■ **The data**:
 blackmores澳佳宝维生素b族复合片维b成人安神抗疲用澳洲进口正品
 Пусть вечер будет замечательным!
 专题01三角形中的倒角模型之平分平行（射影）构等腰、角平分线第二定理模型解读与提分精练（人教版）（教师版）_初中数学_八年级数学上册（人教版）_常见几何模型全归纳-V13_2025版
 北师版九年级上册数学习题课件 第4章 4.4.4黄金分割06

...

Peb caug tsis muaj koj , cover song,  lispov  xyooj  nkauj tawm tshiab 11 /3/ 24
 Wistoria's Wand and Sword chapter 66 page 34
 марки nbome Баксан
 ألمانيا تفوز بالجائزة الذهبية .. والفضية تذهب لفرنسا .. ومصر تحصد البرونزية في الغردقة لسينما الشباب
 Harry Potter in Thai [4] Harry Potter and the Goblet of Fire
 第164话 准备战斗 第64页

■ **Exercise brief**:
Using the entries shown above, reproduce verbatim the lines from the line bearing "blackmores澳佳宝维生素b族复合片维b成人安神抗疲用澳洲进口正品" to the line bearing "北师版九年级上册数学习题课件 第4章 4.4.4黄金分割06", inclusive.

■ **Answer**:
 blackmores澳佳宝维生素b族复合片维b成人安神抗疲用澳洲进口正品
 Пусть вечер будет замечательным!
 专题01三角形中的倒角模型之平分平行（射影）构等腰、角平分线第二定理模型解读与提分精练（人教版）（教师版）_初中数学_八年级数学上册（人教版）_常见几何模型全归纳-V13_2025版
 北师版九年级上册数学习题课件 第4章 4.4.4黄金分割06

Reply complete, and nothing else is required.